═════ ENTRIES PROVIDED ═════
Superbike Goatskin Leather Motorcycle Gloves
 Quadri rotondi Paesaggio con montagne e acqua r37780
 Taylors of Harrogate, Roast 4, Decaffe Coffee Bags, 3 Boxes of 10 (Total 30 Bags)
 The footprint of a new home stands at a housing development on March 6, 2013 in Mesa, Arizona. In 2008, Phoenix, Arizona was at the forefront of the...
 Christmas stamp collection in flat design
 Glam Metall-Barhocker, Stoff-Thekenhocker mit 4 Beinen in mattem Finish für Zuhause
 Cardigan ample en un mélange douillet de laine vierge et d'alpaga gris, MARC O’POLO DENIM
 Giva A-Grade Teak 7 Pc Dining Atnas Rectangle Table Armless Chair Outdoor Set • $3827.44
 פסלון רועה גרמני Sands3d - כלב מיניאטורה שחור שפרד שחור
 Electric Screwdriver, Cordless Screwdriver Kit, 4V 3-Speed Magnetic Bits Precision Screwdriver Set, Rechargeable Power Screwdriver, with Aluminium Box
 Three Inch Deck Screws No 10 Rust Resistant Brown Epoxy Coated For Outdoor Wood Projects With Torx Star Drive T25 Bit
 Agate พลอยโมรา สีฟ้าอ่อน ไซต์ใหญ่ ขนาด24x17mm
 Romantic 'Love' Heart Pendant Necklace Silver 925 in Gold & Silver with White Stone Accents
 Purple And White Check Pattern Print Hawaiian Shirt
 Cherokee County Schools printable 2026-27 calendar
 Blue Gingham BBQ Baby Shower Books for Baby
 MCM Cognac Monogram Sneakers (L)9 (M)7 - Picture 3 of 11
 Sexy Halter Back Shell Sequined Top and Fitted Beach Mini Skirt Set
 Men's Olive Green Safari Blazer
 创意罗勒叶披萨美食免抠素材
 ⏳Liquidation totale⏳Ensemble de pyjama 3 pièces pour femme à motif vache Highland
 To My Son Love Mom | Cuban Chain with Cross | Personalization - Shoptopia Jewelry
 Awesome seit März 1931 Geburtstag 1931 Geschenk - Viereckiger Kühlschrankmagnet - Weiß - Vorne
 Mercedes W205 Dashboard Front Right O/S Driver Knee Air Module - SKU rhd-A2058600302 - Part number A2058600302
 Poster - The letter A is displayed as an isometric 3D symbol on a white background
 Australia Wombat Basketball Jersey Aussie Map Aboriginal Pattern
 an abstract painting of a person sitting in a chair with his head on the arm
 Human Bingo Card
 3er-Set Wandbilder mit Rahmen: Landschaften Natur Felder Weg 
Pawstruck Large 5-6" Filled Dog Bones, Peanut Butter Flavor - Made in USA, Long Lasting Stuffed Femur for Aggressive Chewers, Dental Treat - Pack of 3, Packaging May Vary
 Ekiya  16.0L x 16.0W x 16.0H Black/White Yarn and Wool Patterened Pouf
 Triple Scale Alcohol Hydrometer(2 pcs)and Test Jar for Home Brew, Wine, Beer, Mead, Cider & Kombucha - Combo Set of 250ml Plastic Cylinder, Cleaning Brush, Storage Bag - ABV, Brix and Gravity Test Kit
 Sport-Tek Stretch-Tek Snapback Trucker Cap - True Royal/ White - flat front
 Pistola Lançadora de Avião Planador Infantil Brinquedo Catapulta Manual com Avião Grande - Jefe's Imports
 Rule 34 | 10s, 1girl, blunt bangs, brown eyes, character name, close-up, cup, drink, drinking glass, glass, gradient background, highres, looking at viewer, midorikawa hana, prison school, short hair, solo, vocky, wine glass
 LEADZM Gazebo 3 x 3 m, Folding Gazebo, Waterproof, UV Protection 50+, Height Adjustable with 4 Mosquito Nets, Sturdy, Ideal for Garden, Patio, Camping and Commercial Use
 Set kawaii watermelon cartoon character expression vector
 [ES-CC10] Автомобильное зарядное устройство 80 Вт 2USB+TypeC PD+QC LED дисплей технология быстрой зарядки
═════
**WHAT IS NEEDED:**
Where does "character" appear in the records above? Copy every line that has it.

**EXERCISE SOLUTION:**
 Rule 34 | 10s, 1girl, blunt bangs, brown eyes, character name, close-up, cup, drink, drinking glass, glass, gradient background, highres, looking at viewer, midorikawa hana, prison school, short hair, solo, vocky, wine glass
 Set kawaii watermelon cartoon character expression vector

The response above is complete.